Flood-proofing a treasure store in the desert

Wilcannia is about 900km west of Sydney. Its pretty dry with annual rainfall 255mm.
Not somewhere you would expect flooding to be the engineering problem.
But the town sits on the banks of the Baaka (Darling River). Even the name Wilcannia comes from an Aboriginal word meaning "gap in the bank where floodwaters escape." It can flood pretty badly.
The BAAKA Cultural Centre is a new cultural hub on Barkandji Country, designed by our friends at Kaunitz Yeung Architecture. At its heart is a Keeping Place: a space for Barkandji artifacts, some centuries old, returning home for the first time.
Our job was to make sure the water could not reach them.
Flooding
The Keeping Place sits in the basement. Cool, stable temperatures. A direct connection to Country. But also lower ground, so flood exposure was real.
We modelled the flood behaviour of the local flooding and designed protection measures to keep flood waters away from the basement level. The community needed certainty, not probability.
Stormwater
The outdoor garden is designed as an oasis. 255mm of rain a year does not sound like much. But when it falls, it falls fast.

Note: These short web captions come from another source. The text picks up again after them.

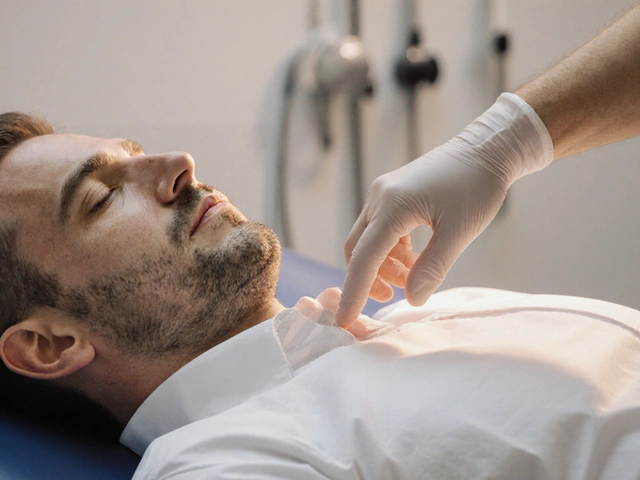 Prostat Masajı: Terapötik Faydalarını Keşfedin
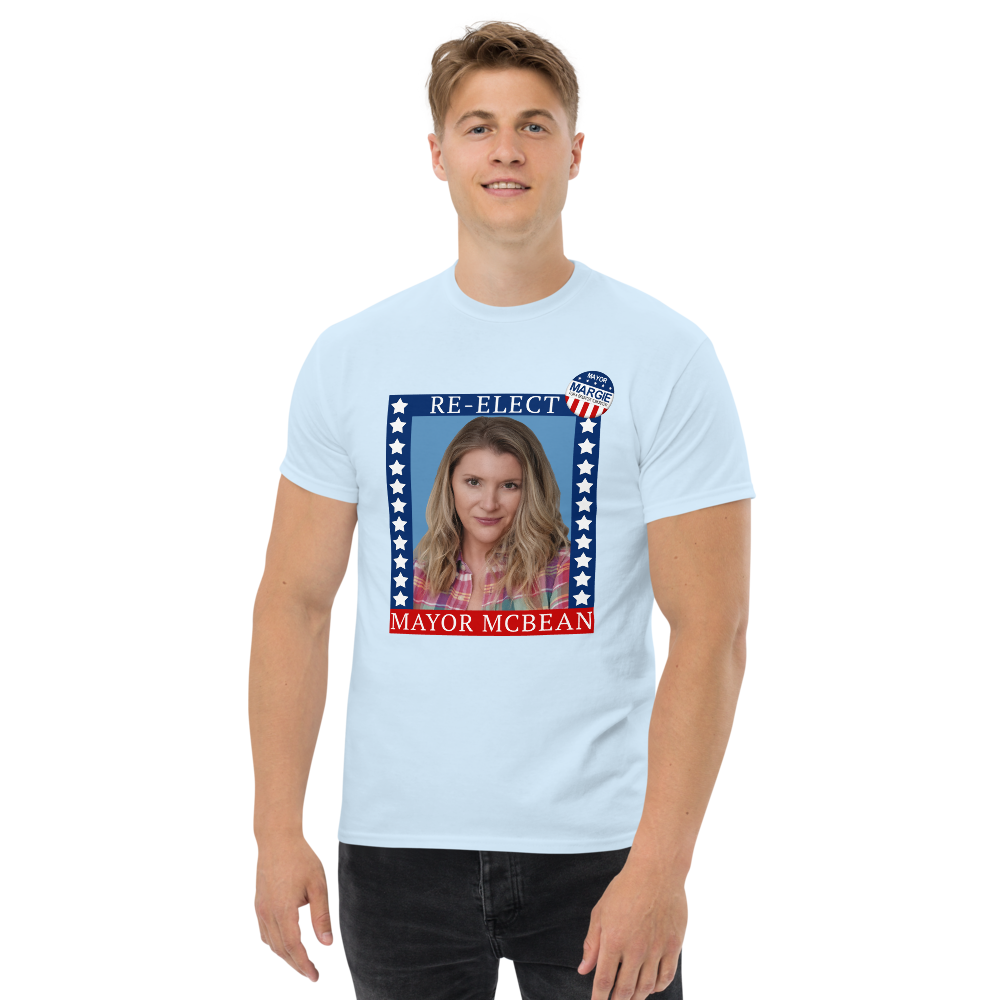 Mayor McBean - Men's Classic Tee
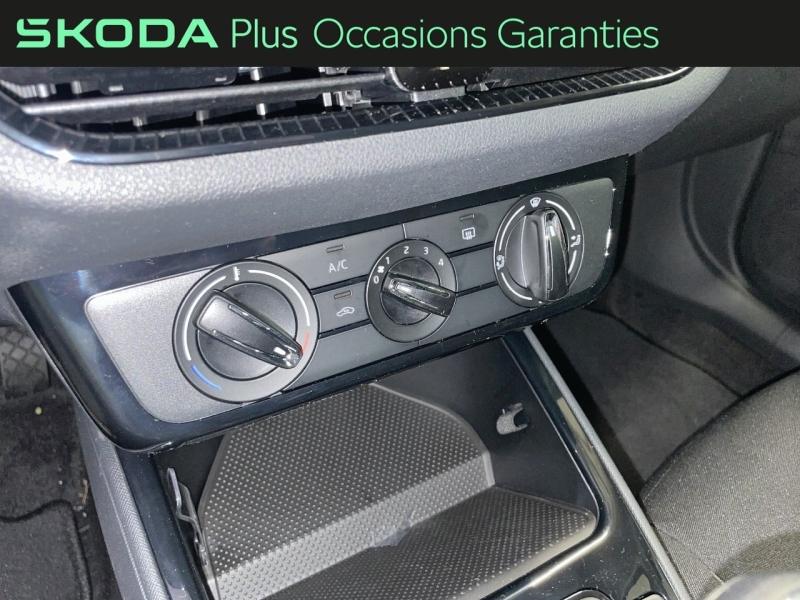 Voitures occasions ŠKODA FABIA Active Tomblaine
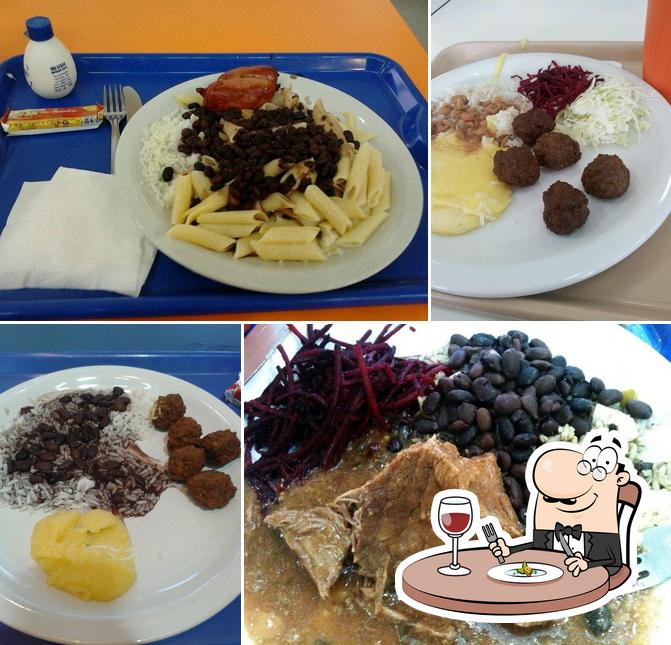 University Restaurant II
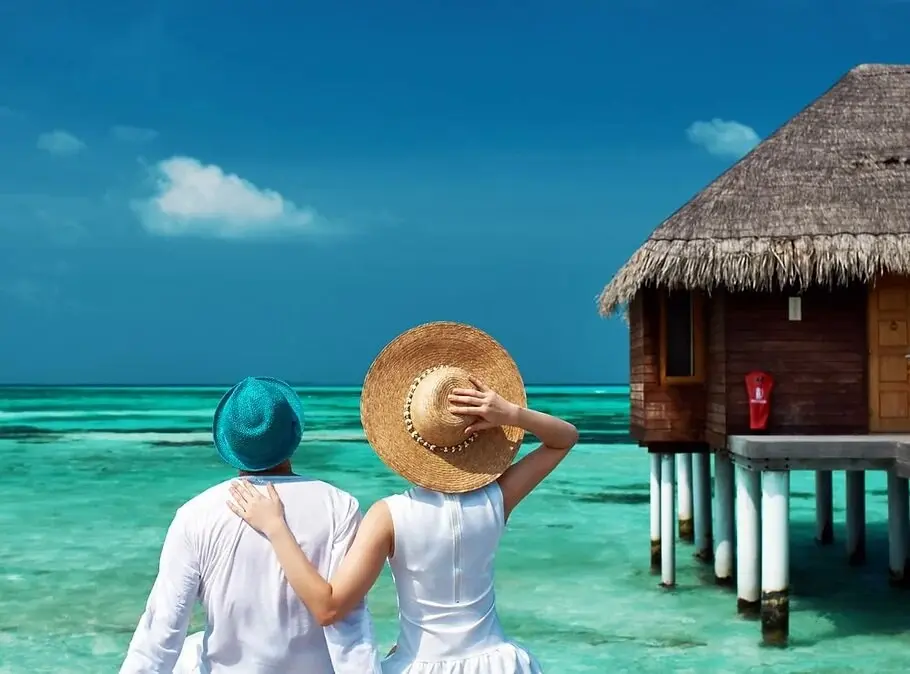 Romantic Red Sea resort escape for couples in Egypt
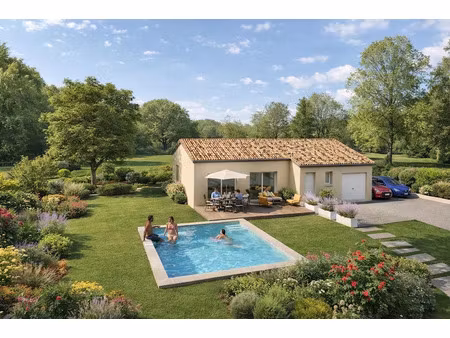 vente maison 4 pièces 94 m² à cotignac (83570)  360 000 €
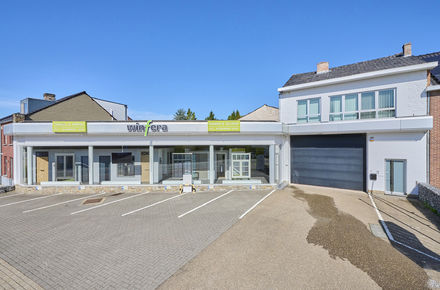 Gebouw voor gemengd gebruik te koop in Tongeren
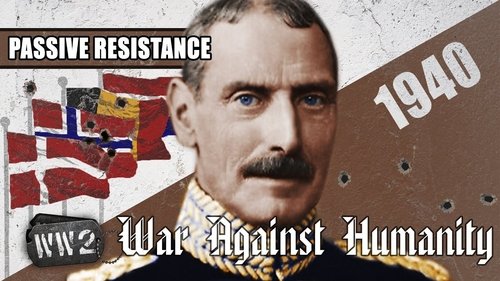Background image for Royal Resistance in Benelux and Scandinavia 1940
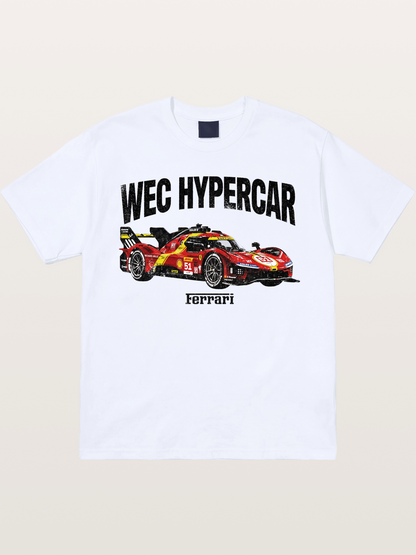 Hypercar Glory Gildan T-shirt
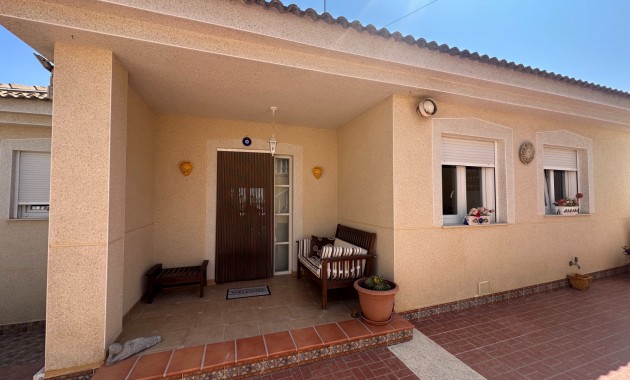 Venta - Villa -
Algorfa - Lomas de Juliana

We designed the stormwater system to keep the outdoor areas dry and functional, and to make water a feature rather than a hazard. In a dry landscape, it turned out pretty cool.
Water and sewer
New water and sewer servicing for the cafe, commercial kitchen, and amenities. Complicated by the remoteness more than anything else.
The centre opened in 2025. Its one of the more meaningful projects we have worked on. Good engineering does not draw attention to itself. Here, it just keeps something irreplaceable safe.